▶ [Aim of the exercise]:
Below are some entries. Transcribe the lines from the one holding "This one actually" to the one holding "The True Cream", inclusive, but not the pictures among them.

Start of Source data

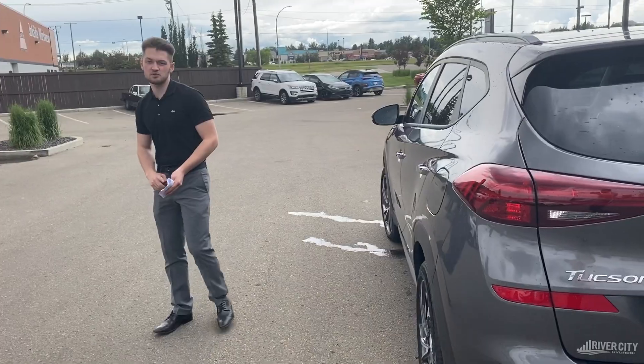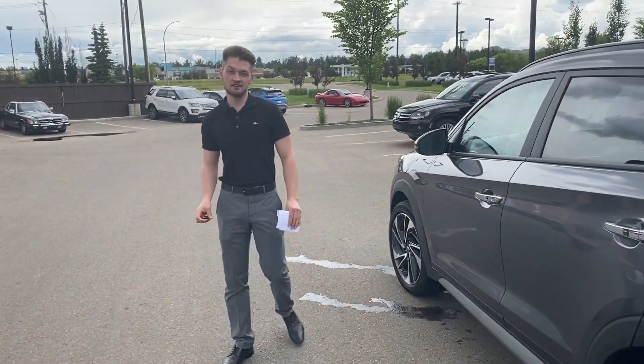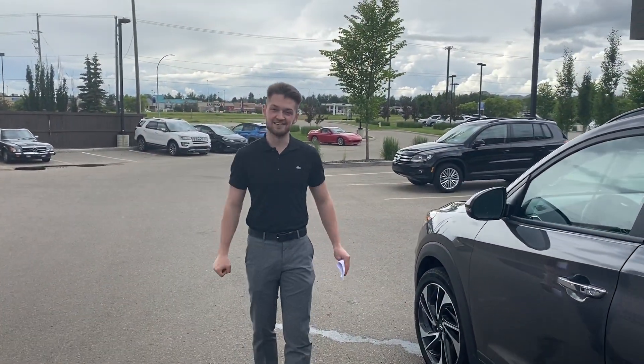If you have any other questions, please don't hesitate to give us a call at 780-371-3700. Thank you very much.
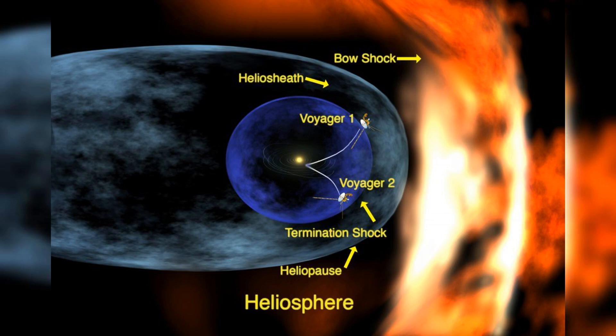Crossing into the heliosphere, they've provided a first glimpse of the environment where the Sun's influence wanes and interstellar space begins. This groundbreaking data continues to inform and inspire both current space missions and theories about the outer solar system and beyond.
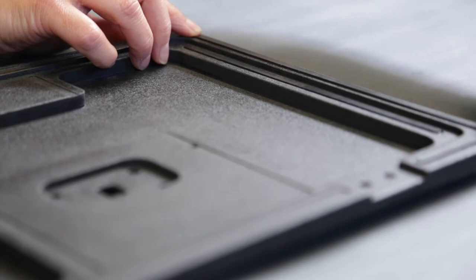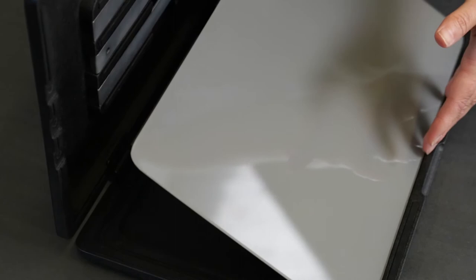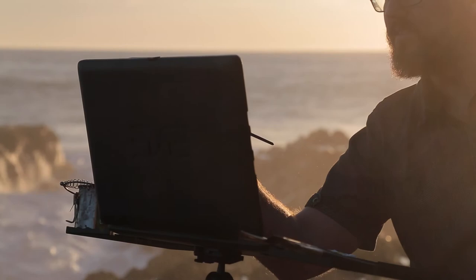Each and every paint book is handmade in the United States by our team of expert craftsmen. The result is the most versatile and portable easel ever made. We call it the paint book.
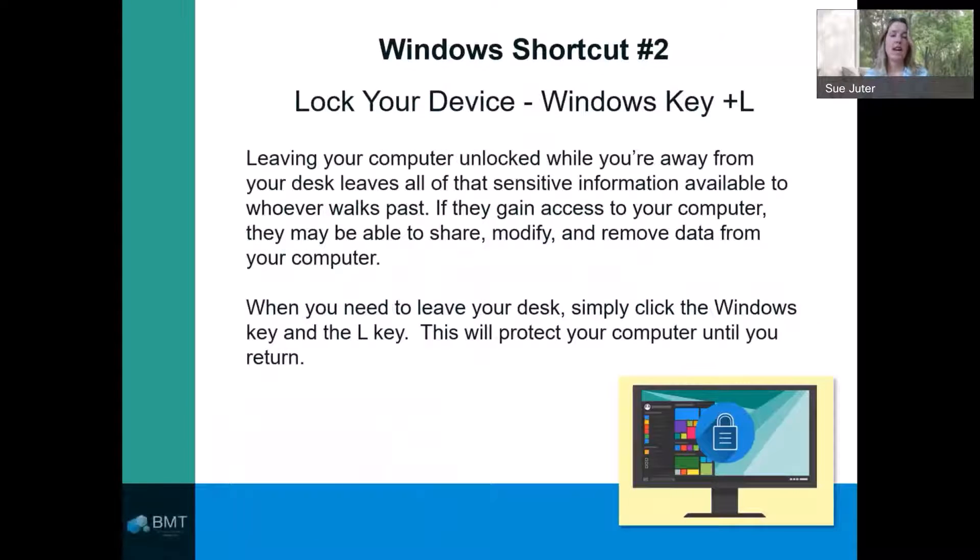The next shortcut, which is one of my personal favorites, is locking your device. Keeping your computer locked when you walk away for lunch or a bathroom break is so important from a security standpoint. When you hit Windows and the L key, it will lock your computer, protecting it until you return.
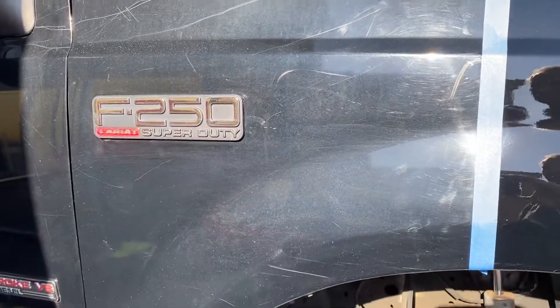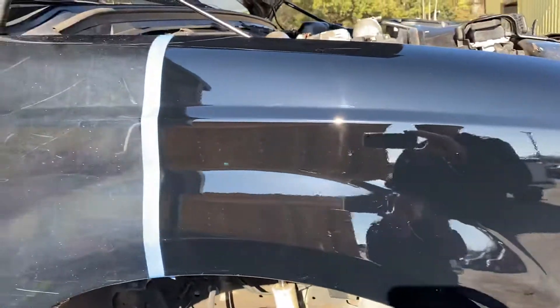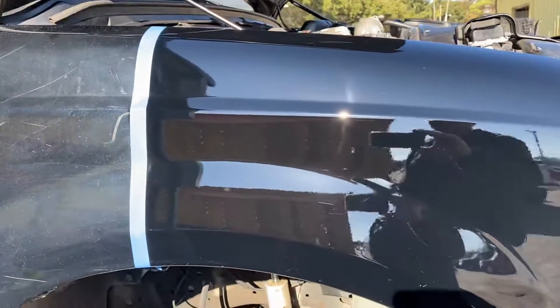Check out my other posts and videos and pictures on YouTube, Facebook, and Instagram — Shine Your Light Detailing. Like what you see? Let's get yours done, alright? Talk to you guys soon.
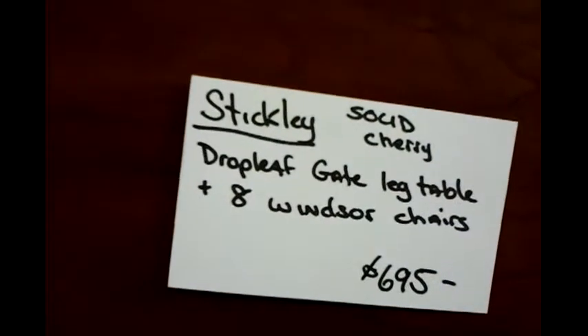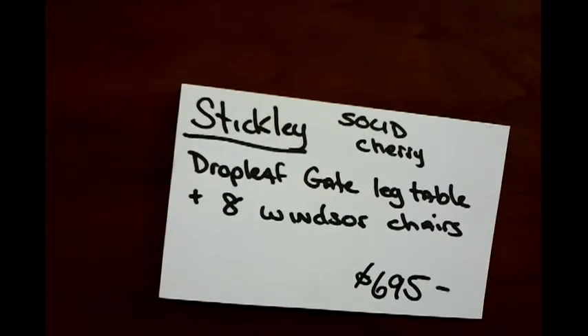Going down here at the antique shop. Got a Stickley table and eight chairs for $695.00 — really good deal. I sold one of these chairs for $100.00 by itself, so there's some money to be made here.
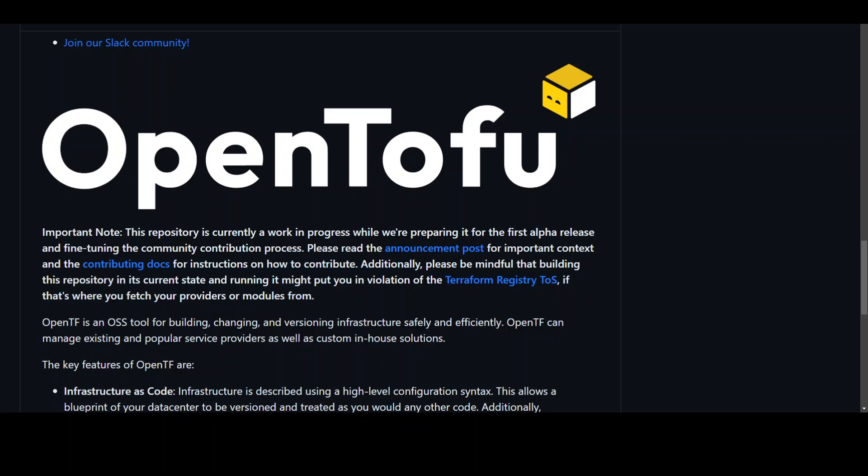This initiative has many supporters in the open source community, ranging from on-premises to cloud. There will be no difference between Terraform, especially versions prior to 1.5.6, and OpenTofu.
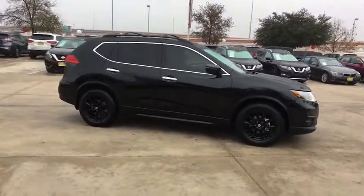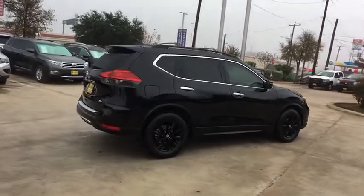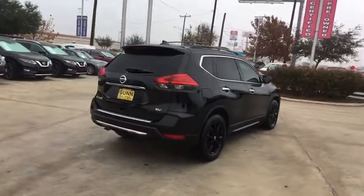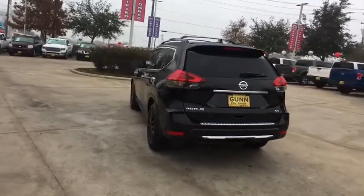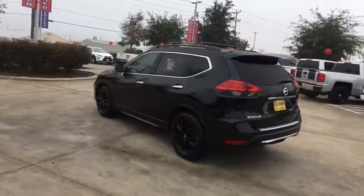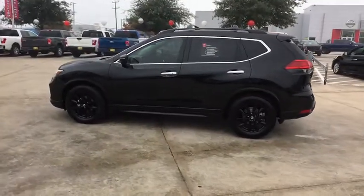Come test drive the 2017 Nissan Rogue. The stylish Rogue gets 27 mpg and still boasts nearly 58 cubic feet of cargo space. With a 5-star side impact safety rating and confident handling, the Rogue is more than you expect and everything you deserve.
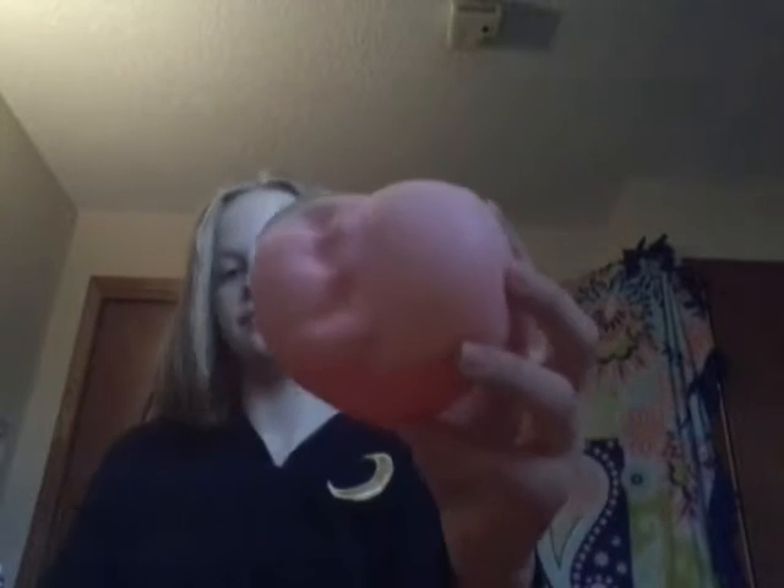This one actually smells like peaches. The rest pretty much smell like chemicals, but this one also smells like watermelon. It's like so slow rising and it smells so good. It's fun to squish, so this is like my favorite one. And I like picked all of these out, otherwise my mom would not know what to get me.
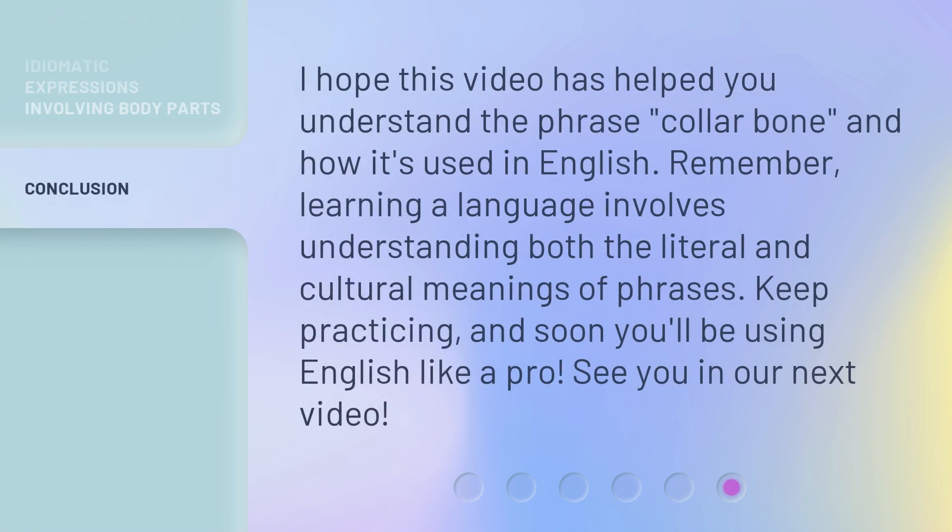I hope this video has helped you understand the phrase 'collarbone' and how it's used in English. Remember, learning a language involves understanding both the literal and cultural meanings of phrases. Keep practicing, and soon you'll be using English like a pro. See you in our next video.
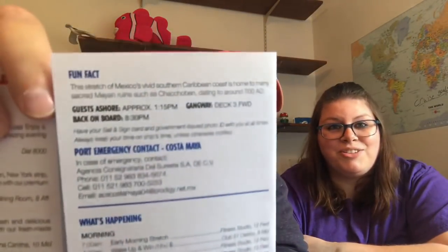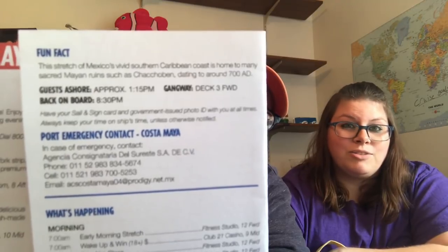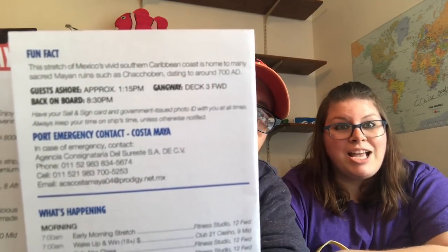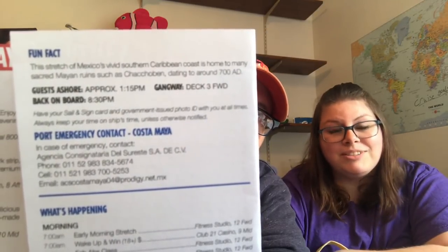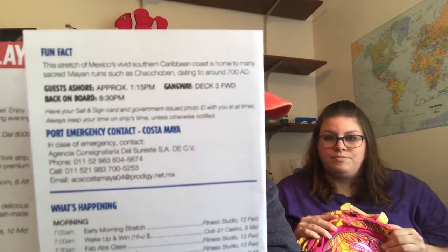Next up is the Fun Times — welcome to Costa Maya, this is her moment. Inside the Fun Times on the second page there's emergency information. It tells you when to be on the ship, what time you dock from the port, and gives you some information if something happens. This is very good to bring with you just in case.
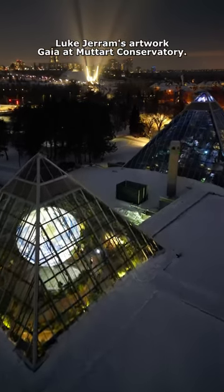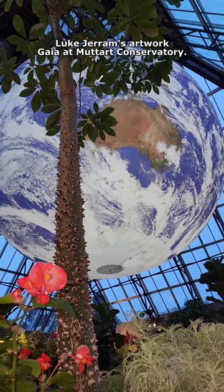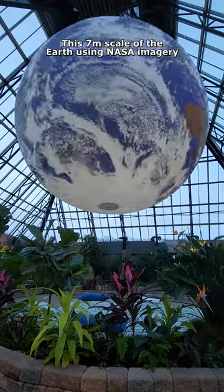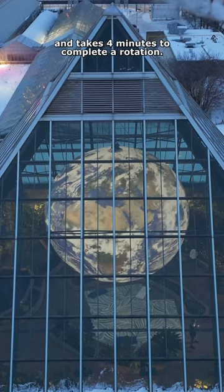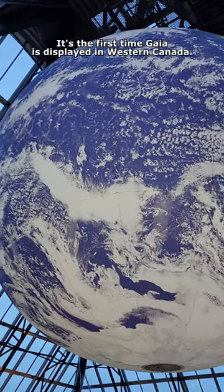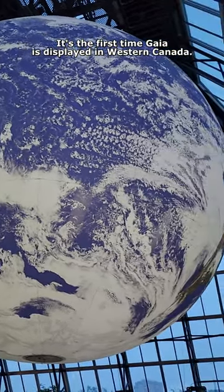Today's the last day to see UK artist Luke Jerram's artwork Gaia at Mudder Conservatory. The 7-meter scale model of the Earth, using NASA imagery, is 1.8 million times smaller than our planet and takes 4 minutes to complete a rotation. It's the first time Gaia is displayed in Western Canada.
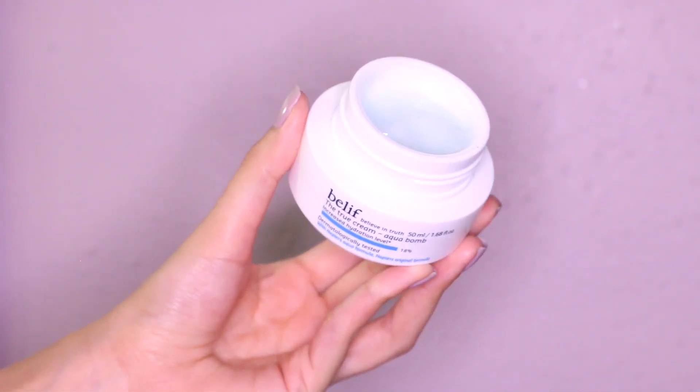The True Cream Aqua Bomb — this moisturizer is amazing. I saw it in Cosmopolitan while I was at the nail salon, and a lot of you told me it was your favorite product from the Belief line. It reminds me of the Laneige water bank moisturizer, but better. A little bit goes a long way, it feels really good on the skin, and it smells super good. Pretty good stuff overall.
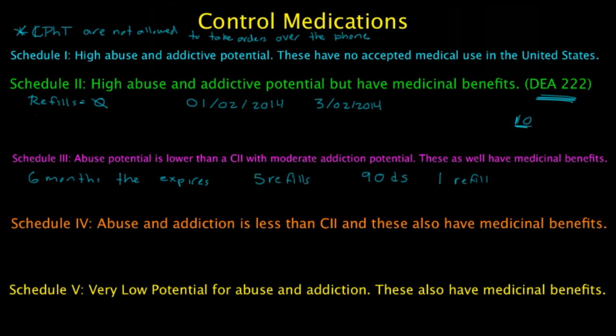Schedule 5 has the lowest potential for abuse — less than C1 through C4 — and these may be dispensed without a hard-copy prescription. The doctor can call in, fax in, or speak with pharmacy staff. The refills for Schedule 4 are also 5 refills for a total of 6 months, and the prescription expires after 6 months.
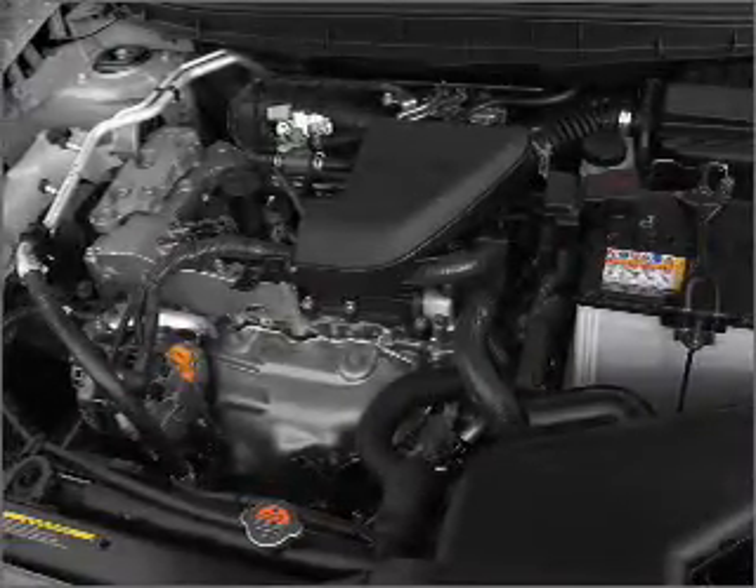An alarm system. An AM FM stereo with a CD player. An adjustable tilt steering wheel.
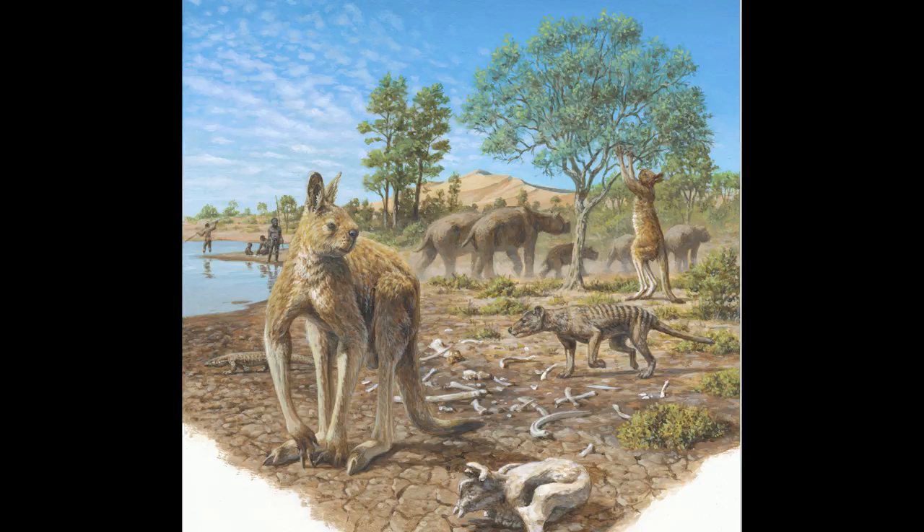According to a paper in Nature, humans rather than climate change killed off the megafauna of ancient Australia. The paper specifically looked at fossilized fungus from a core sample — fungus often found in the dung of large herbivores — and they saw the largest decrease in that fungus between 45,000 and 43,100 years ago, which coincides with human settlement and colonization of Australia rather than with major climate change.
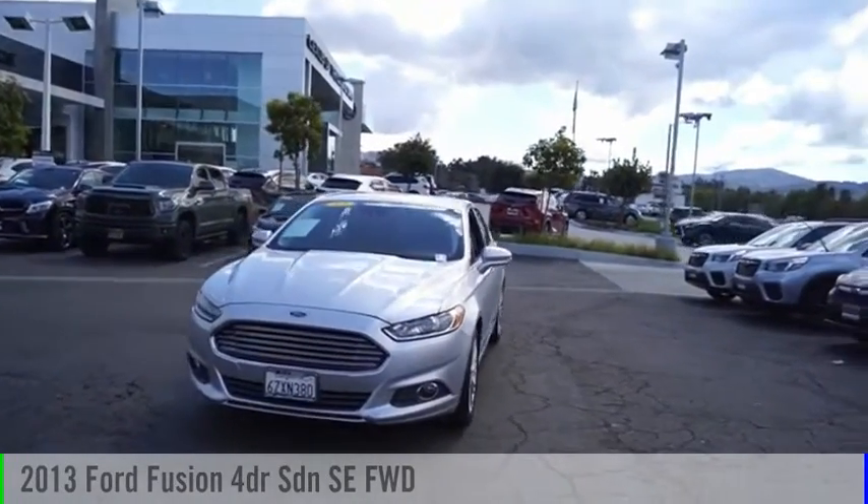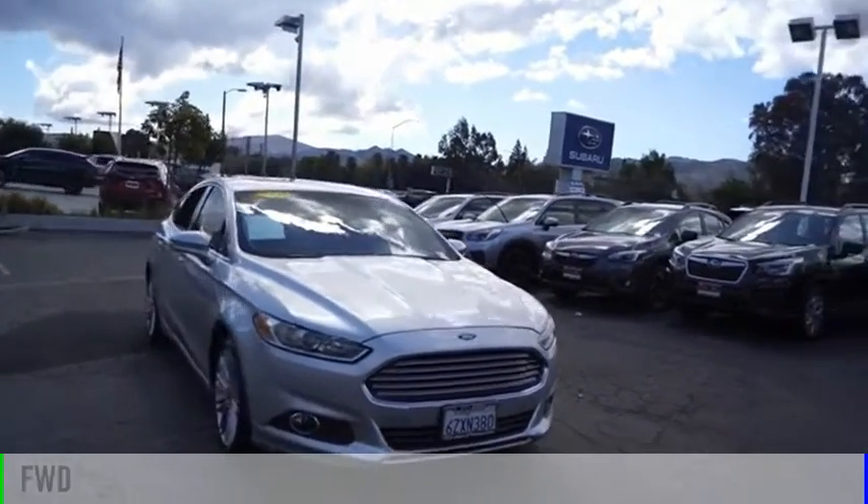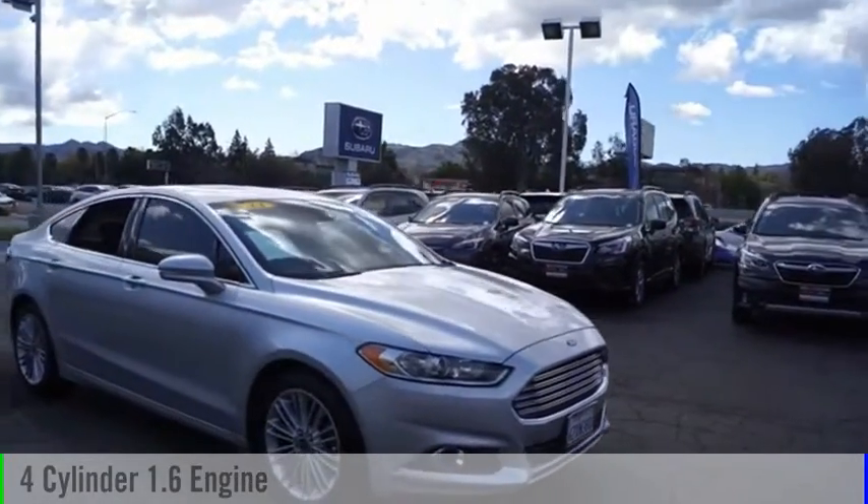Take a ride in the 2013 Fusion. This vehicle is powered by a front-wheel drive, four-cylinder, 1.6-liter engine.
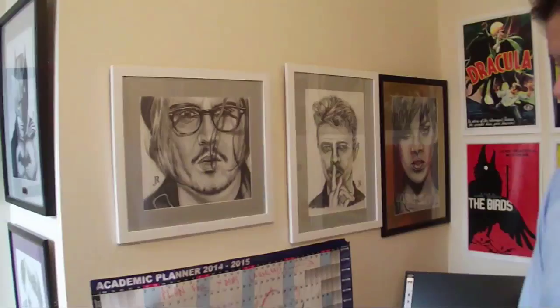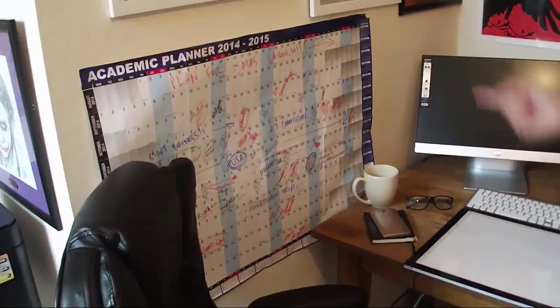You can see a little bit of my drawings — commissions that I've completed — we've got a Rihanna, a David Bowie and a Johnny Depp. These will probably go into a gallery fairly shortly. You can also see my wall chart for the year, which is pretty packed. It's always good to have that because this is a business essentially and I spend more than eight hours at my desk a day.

End of Source data

▶ [Result below]:
This one actually smells like peaches. The rest pretty much smell like chemicals, but this one also smells like watermelon. It's like so slow rising and it smells so good. It's fun to squish, so this is like my favorite one. And I like picked all of these out, otherwise my mom would not know what to get me.
I hope this video has helped you understand the phrase 'collarbone' and how it's used in English. Remember, learning a language involves understanding both the literal and cultural meanings of phrases. Keep practicing, and soon you'll be using English like a pro. See you in our next video.
Next up is the Fun Times — welcome to Costa Maya, this is her moment. Inside the Fun Times on the second page there's emergency information. It tells you when to be on the ship, what time you dock from the port, and gives you some information if something happens. This is very good to bring with you just in case.
Today's the last day to see UK artist Luke Jerram's artwork Gaia at Mudder Conservatory. The 7-meter scale model of the Earth, using NASA imagery, is 1.8 million times smaller than our planet and takes 4 minutes to complete a rotation. It's the first time Gaia is displayed in Western Canada.
The True Cream Aqua Bomb — this moisturizer is amazing. I saw it in Cosmopolitan while I was at the nail salon, and a lot of you told me it was your favorite product from the Belief line. It reminds me of the Laneige water bank moisturizer, but better. A little bit goes a long way, it feels really good on the skin, and it smells super good. Pretty good stuff overall.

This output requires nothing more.